If a record contains a picture, leave the picture out and reproduce everything else exactly.
◆ ◆ ◆ ◆ ◆ ◆ ◆
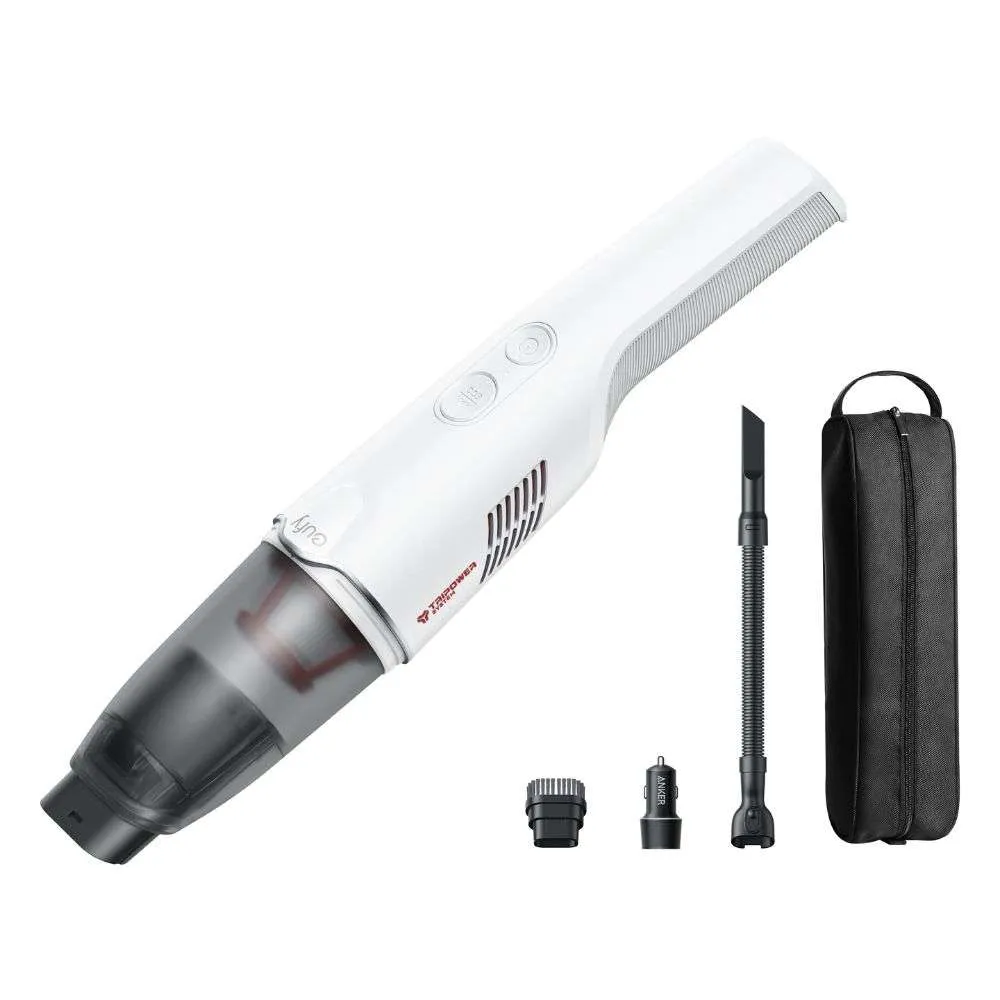 eufy Clean H20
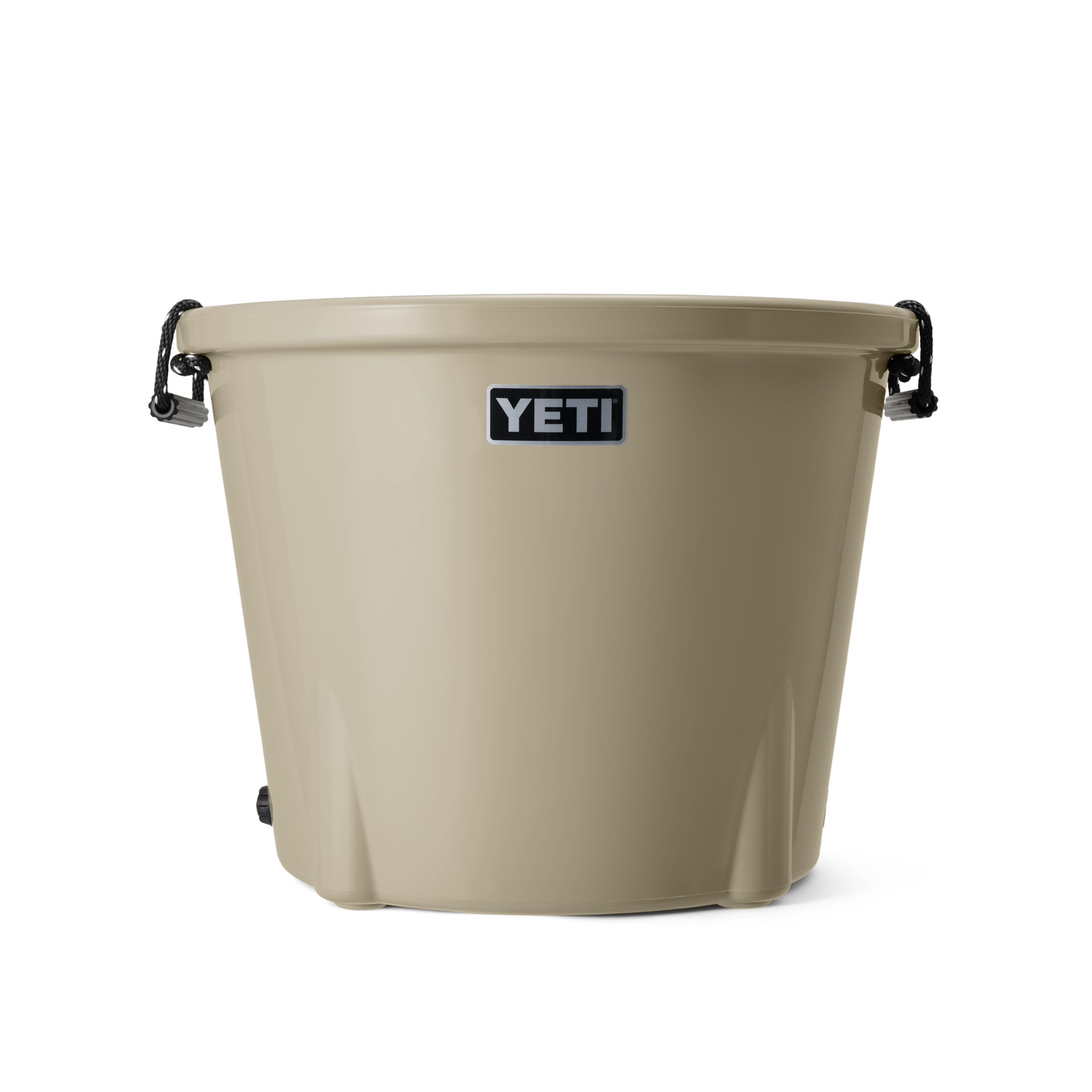 Yeti Tank&reg; 85 Ice Bucket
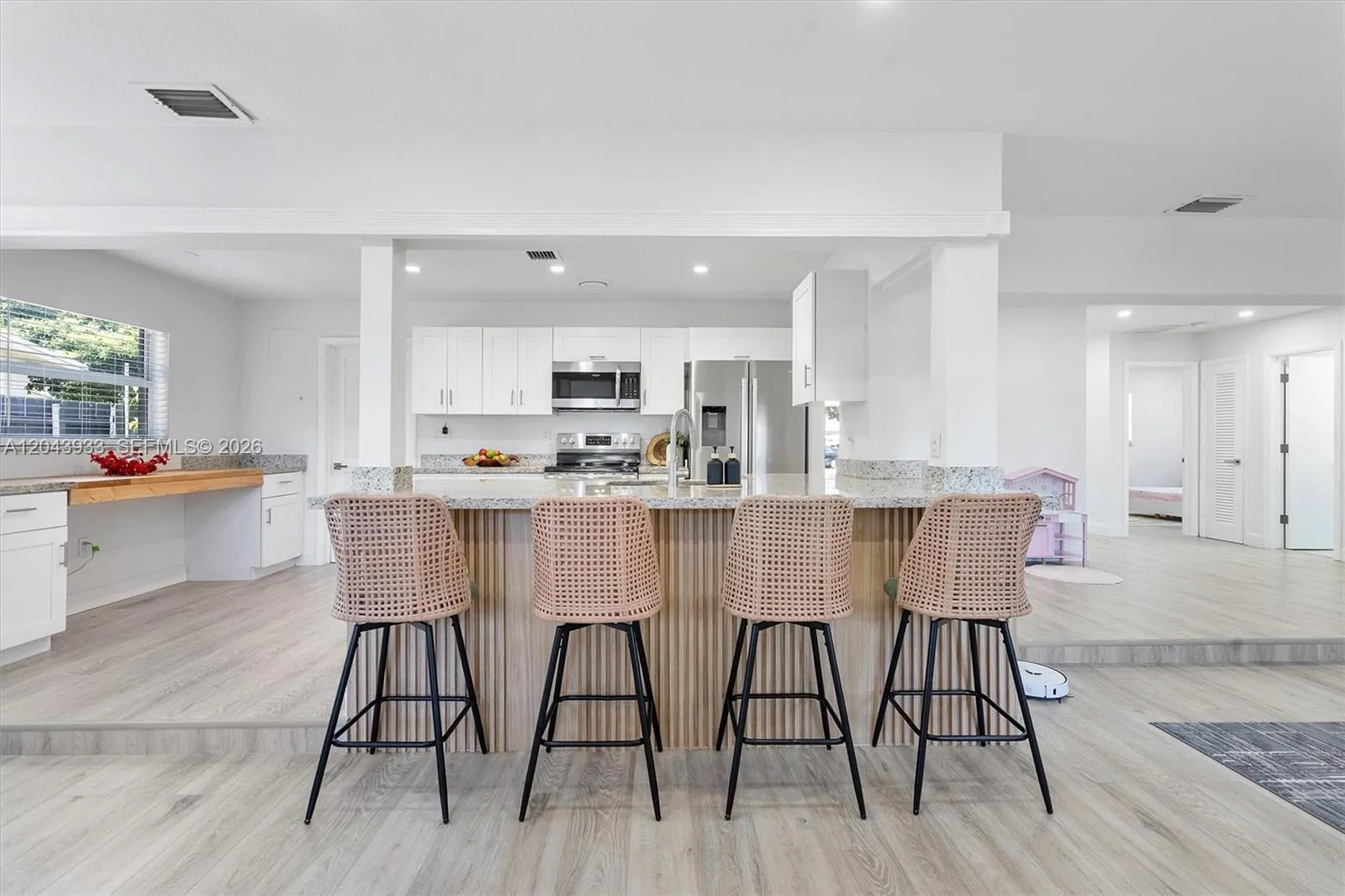 Property photo 18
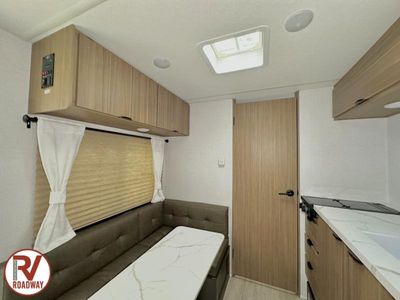 2026 Wildwood FSX 164FBLE - Photo 11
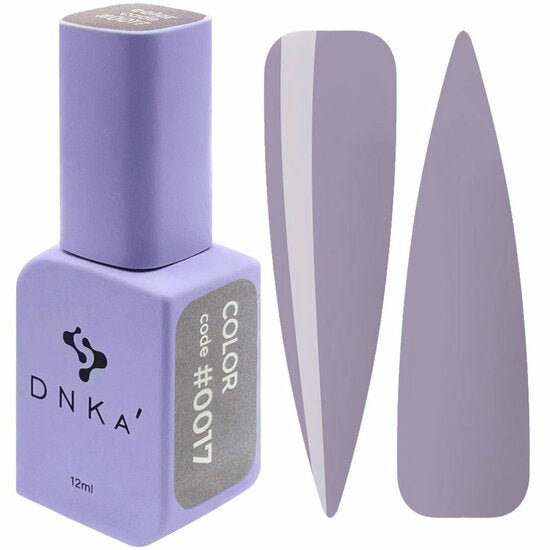 DNKa' Gellak #0017 12 ml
◆ ◆ ◆ ◆ ◆ ◆ ◆
- _EXPECTED OUTPUT_:
 eufy Clean H20
 Yeti Tank&reg; 85 Ice Bucket
 Property photo 18
 2026 Wildwood FSX 164FBLE - Photo 11
 DNKa' Gellak #0017 12 ml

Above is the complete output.